As I mentioned earlier, our testing and contact tracing teams are now focusing on targeting those who are most vulnerable to harm in our society. People who are at high risk of becoming severely ill due to COVID-19 are eligible for treatment with antiviral or antibody therapies. If those people who are eligible for treatment test positive for COVID-19 and report their lateral flow test result, they will usually be contacted by text or telephone call by the national antiviral service within 48 hours, and they will be offered treatment. We are also using multiplex PCR tests for our most vulnerable, including care home residents and others, and these tests test for other respiratory viruses alongside COVID-19 and can support treatment and manage outbreaks.
This winter, we will be strengthening our surveillance system to identify any deterioration in the situation, such as from new, harmful variants of concern and other respiratory viruses. A major purpose of the surveillance system will be to determine whether Wales has moved from a COVID-stable to a COVID-urgent state, either through the epidemiological—it’s difficult to say that word, isn’t it? Epidemiological indicators. Was that okay? Or from genomic surveillance indicating the presence of a more severe variant.

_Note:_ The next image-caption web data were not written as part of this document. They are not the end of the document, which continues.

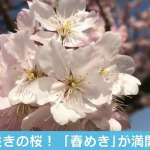 AbemaNews 春めき桜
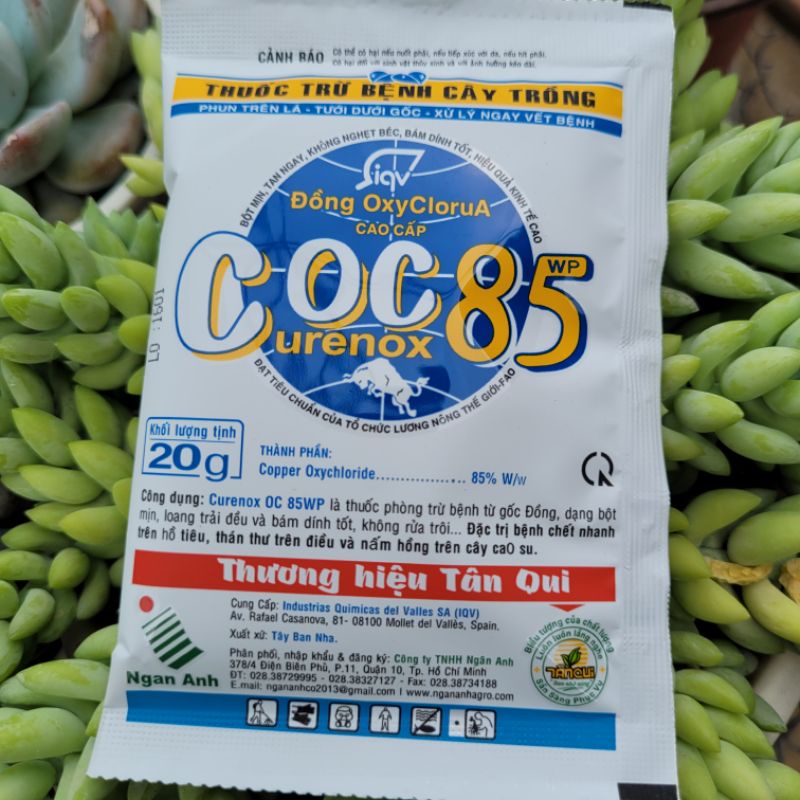 Phòng n.ấm Coc 85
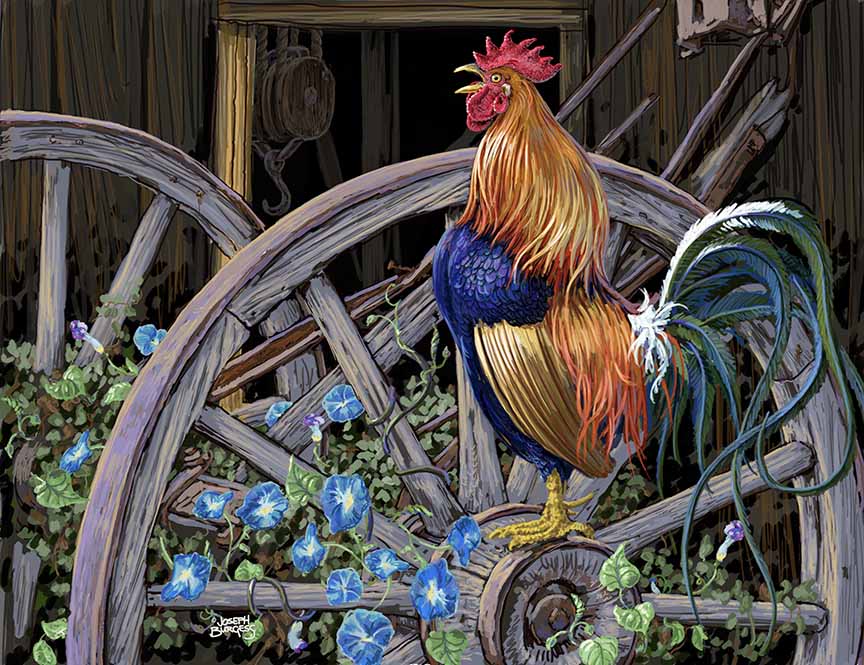 JB2 – Morning Glory Rooster 554 © Joseph Burgess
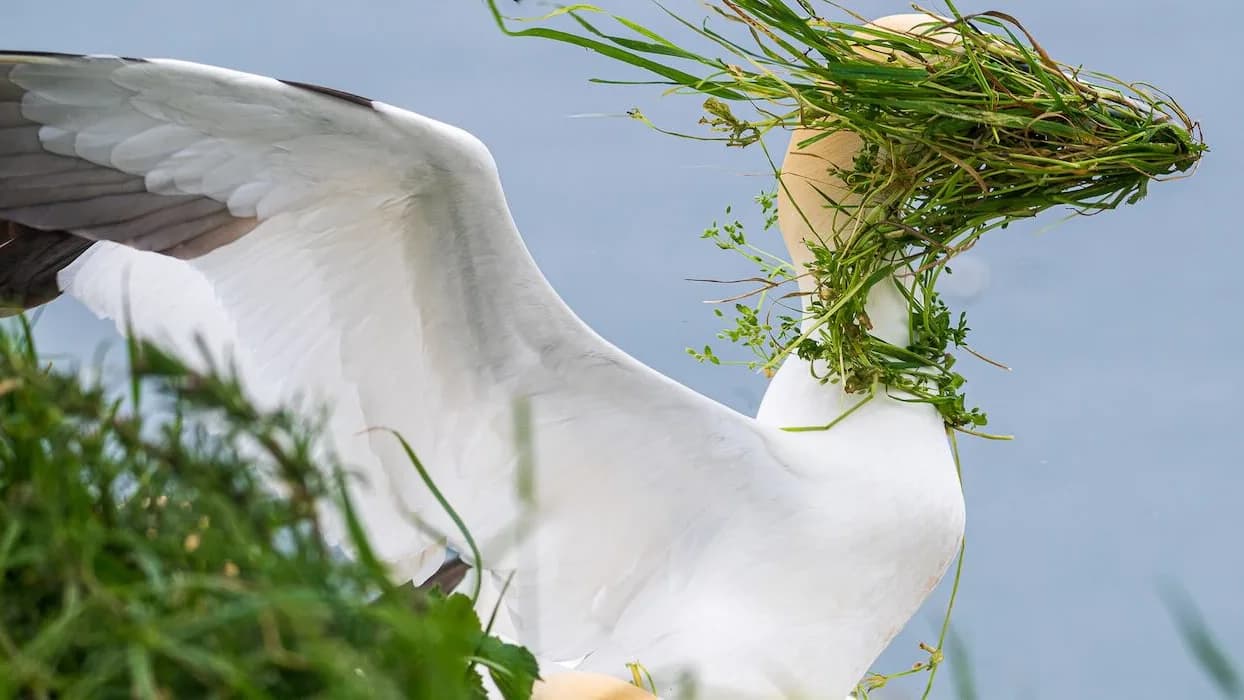 Wild Wonders: Comedy Wildlife Awards Unleash Hilarious Animal Antics!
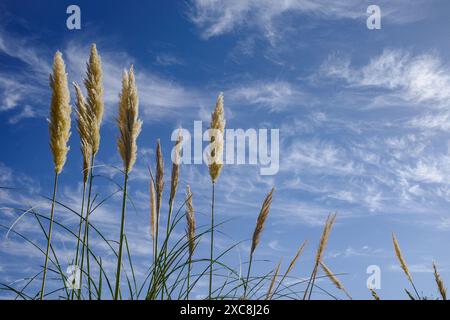 San Pedro de Atacama, Chile - Dec 2, 2023: Pampas Grass blowing in the breeze against a blue sky,  Atacama Desert Stock Photo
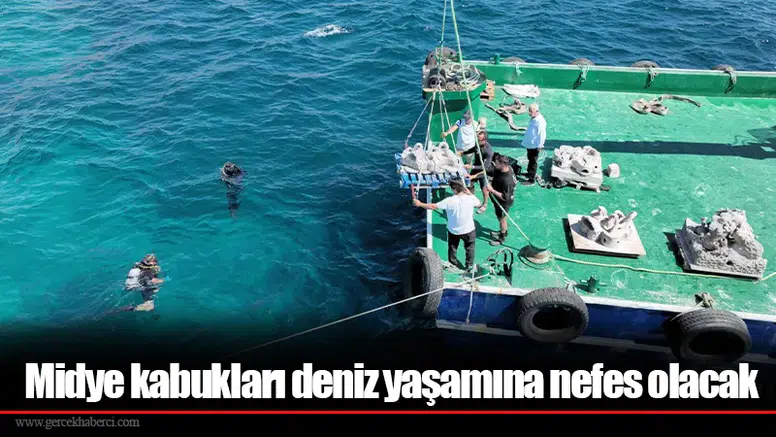 Midye kabukları deniz yaşamına nefes olacak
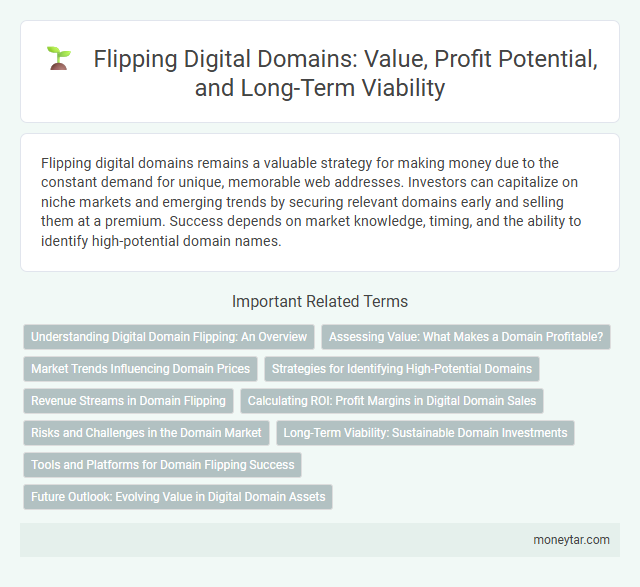 Flipping Digital Domains: Value, Profit Potential, and Long-Term Viability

During this autumn and winter, we’re focusing on enhancing and establishing more robust community and hospital surveillance systems that will further enhance the information we receive from the Office for National Statistics survey, as well as the wastewater analysis and other intelligence. The continual assessment of these data sources contributes to our ongoing surveillance.
Despite all of our plans around vaccination, testing, treatment and surveillance, we know that COVID-19 has placed sustained pressure on the NHS in Wales, both from people being treated directly for COVID-19 and people testing positive but being treated for other reasons, along with staff absence due to infection, the requirement to self-isolate or family illness. Given the exceptional nature or scale of some of the potential risks faced this winter, particularly in relation to COVID and other respiratory viruses, and the system’s capacity and capability to respond to demand, additional winter operational planning guidance is being developed for NHS organisations. These NHS organisations will need to ensure that robust and resilient plans are in place, including joint action through regional partnership boards.

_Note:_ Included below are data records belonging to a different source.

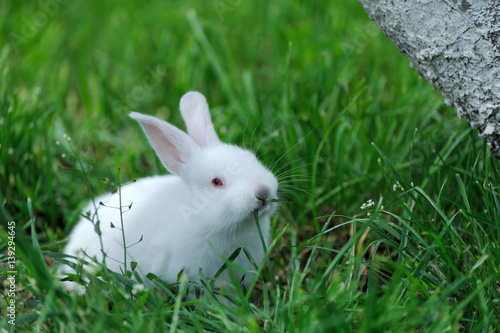 Little rabbit on the field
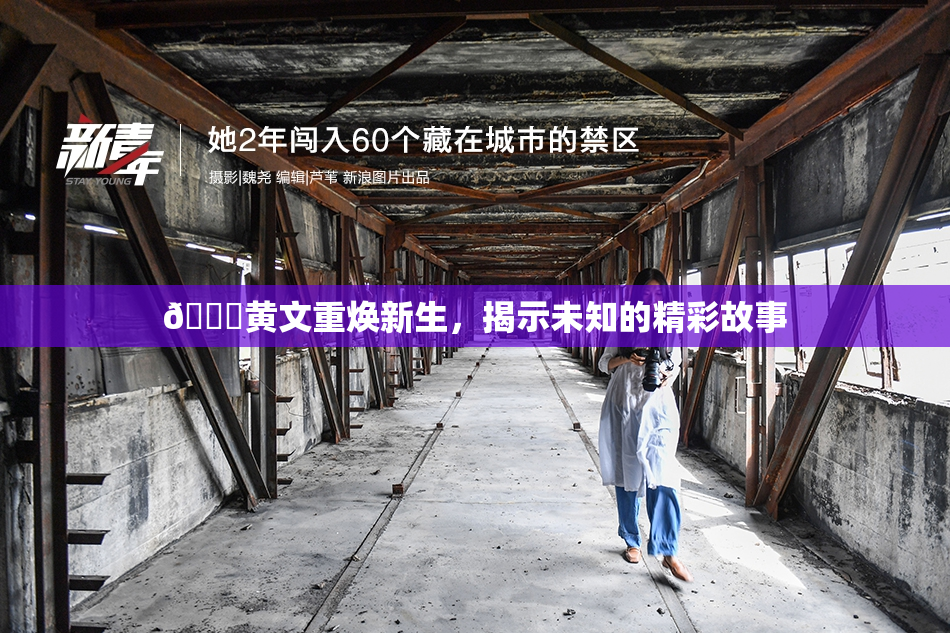 🔞黄文重焕新生，揭示未知的精彩故事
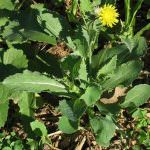 Lo sapevi che... I famosi Sivoni (cicoria selvatica) contengono omega3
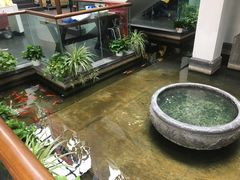 -旺顺阁鱼头泡饼(小红门店)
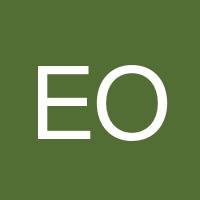 Ernesto Orlando Martinez Jr's profile image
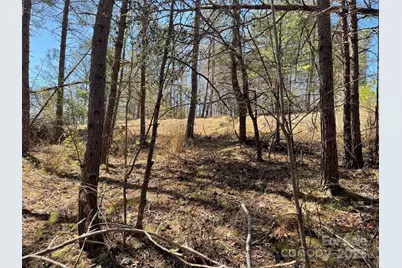 85 Union Chapel Road, Weaverville, NC 28787 - Photo 24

We are also acutely aware of the significant challenges faced by our communities this winter as a result of the cost-of-living crisis. We will be developing practical advice and guidance to support individuals and communities to keep well this winter. For example, we know that maintaining key protective behaviours—and we have all become familiar with them by now—can have significant benefits that go beyond COVID-19. Continuing with these behaviours will help to reduce impact of future waves of infection, and will also reduce the impacts from other respiratory infections. However, in the context of the cost-of-living crisis and fuel poverty, we recognise that these will be more challenging this winter and when we have cold weather. So, the key message to protect yourself, your family and others is to ensure that you are vaccinated and stay up to date with any COVID-19 booster vaccinations.